• What to work on:
Everything in the records must be restated exactly, apart from the pictures.
────
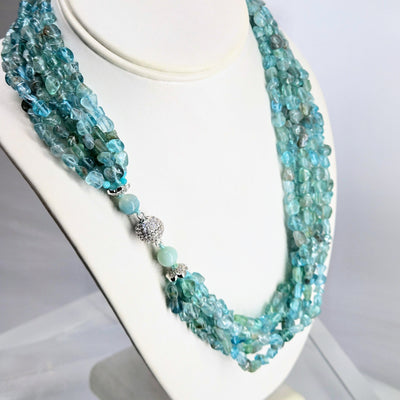 "Mermaid's Flair" 20" Necklace - Apatite, Amazonite, Magnetic Clasp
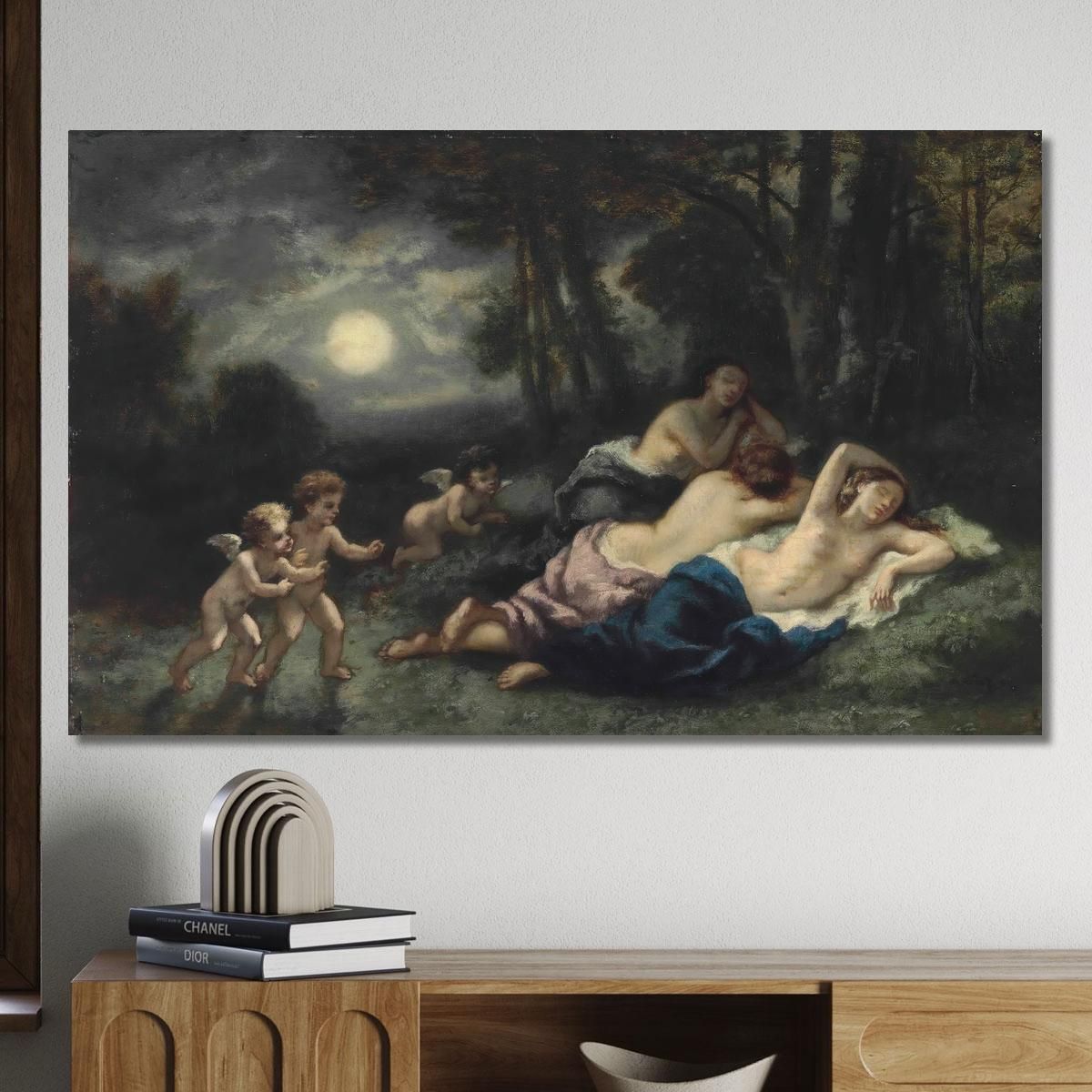 The Sleep Of The Nymphs At Night Narcisse-Virgile Diaz de La Peña nvd42 canvas print 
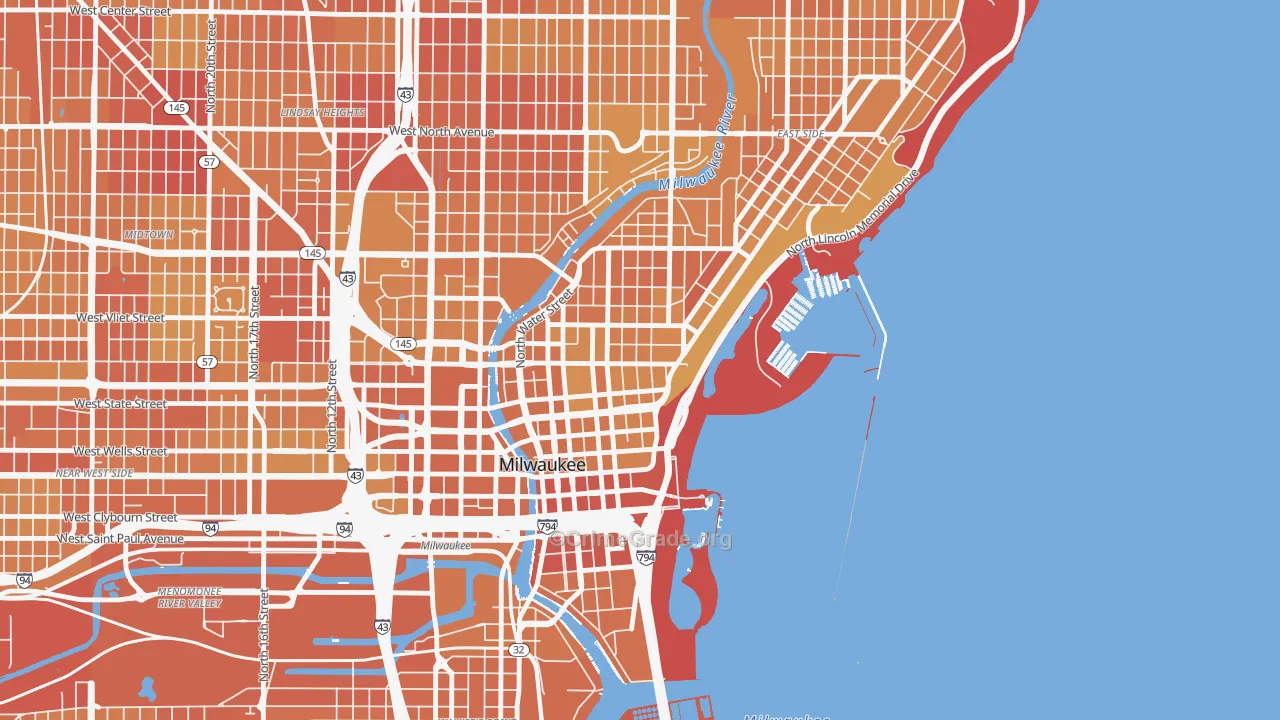 Yankee Hill, Milwaukee, WI Map of Vehicle Theft Rates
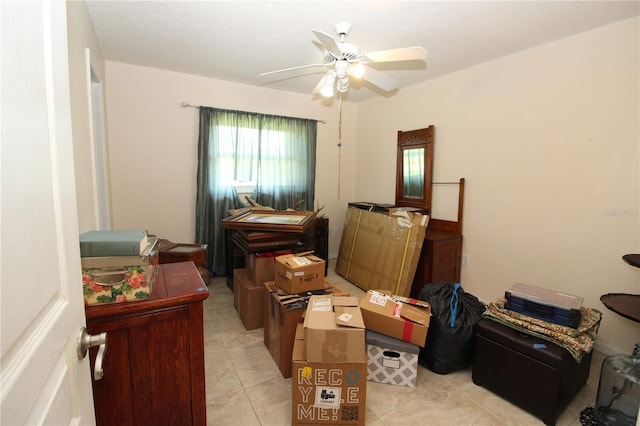 39 Norman St, Port Charlotte, FL 33954 - office area featuring light tile patterned floors and a ceiling fan
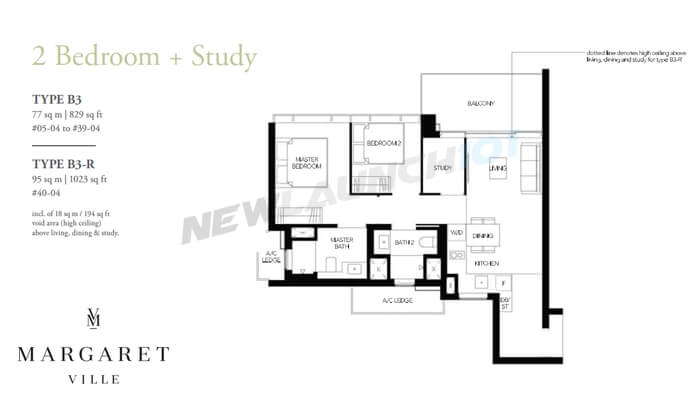 Margaret Ville Floor Plan 2-Bedroom Study 829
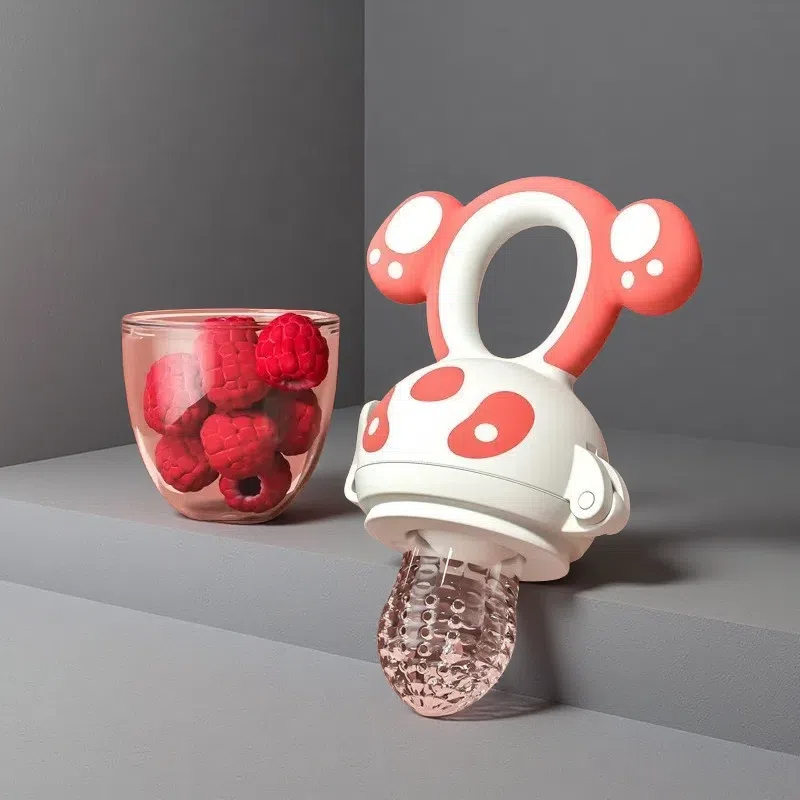 Teething Feeder Bag – Silicone Baby Fruit Supplement & Teether Stick for 6+ Months Khaki Red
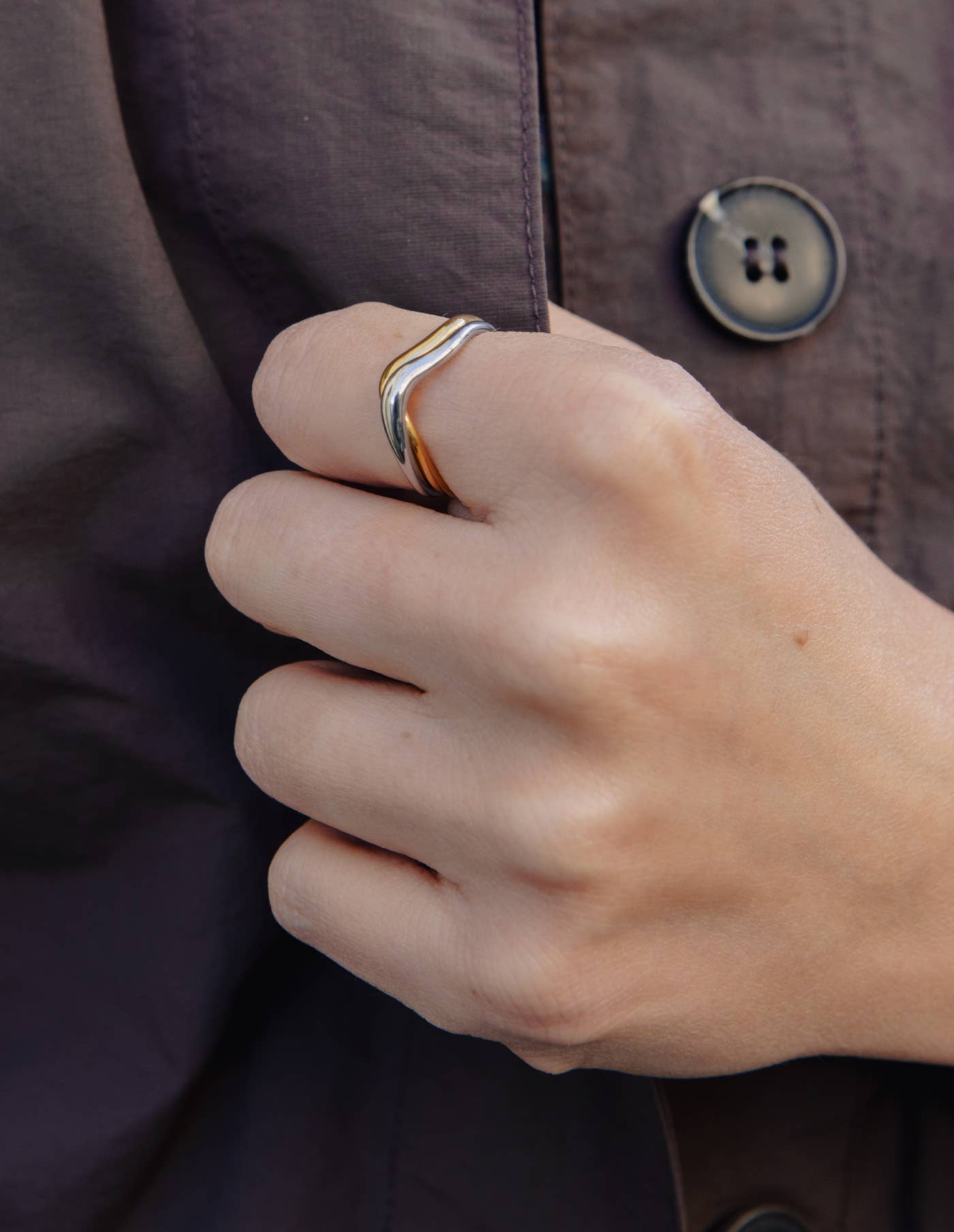 Nordic Muse - Gold and Silver Entwined Ring, Waterproof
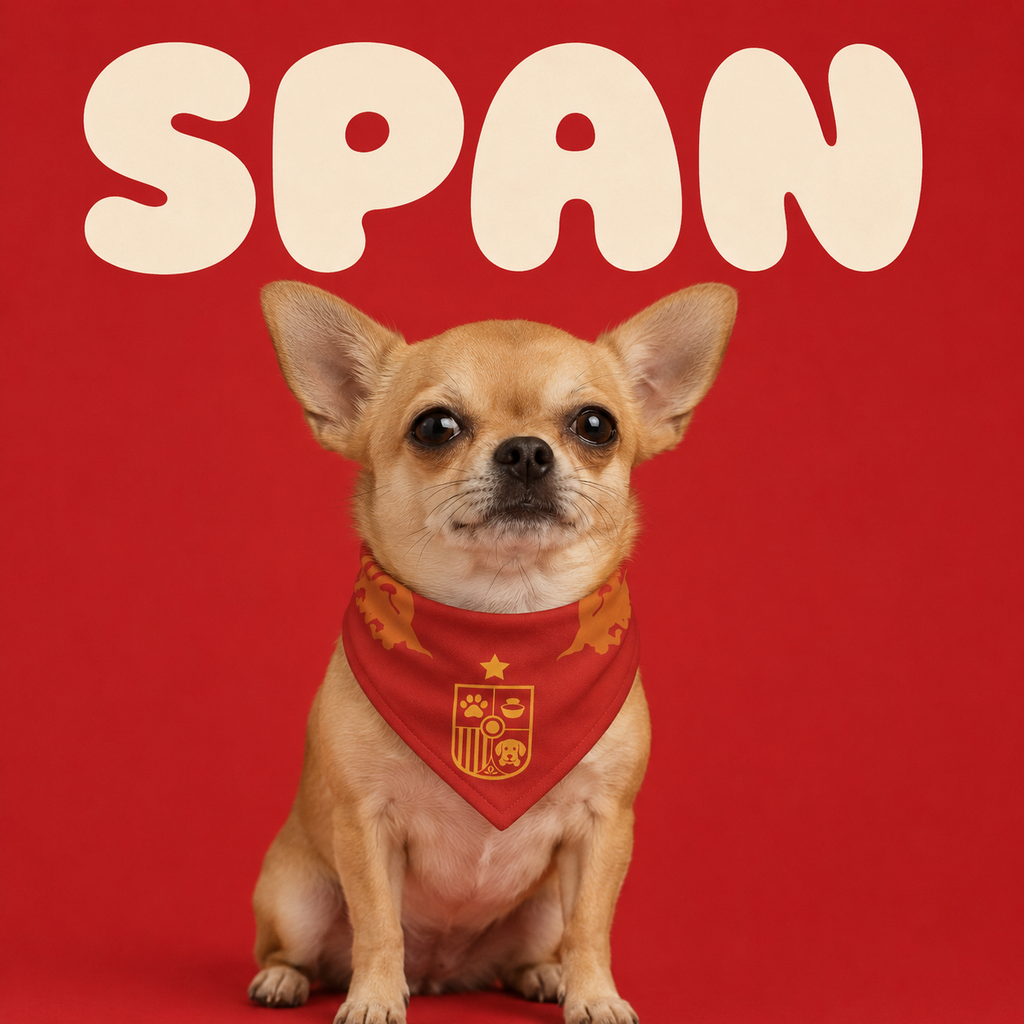 Fan Dog Bandana Spain Style, Versatile Accessory for Daily Wear, Perfect for Layering and Styling, Ideal Gift for Fashion Enthusiasts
────
• Answer to the problem:
 "Mermaid's Flair" 20" Necklace - Apatite, Amazonite, Magnetic Clasp
 The Sleep Of The Nymphs At Night Narcisse-Virgile Diaz de La Peña nvd42 canvas print 
 Yankee Hill, Milwaukee, WI Map of Vehicle Theft Rates
 39 Norman St, Port Charlotte, FL 33954 - office area featuring light tile patterned floors and a ceiling fan
 Margaret Ville Floor Plan 2-Bedroom Study 829
 Teething Feeder Bag – Silicone Baby Fruit Supplement & Teether Stick for 6+ Months Khaki Red
 Nordic Muse - Gold and Silver Entwined Ring, Waterproof
 Fan Dog Bandana Spain Style, Versatile Accessory for Daily Wear, Perfect for Layering and Styling, Ideal Gift for Fashion Enthusiasts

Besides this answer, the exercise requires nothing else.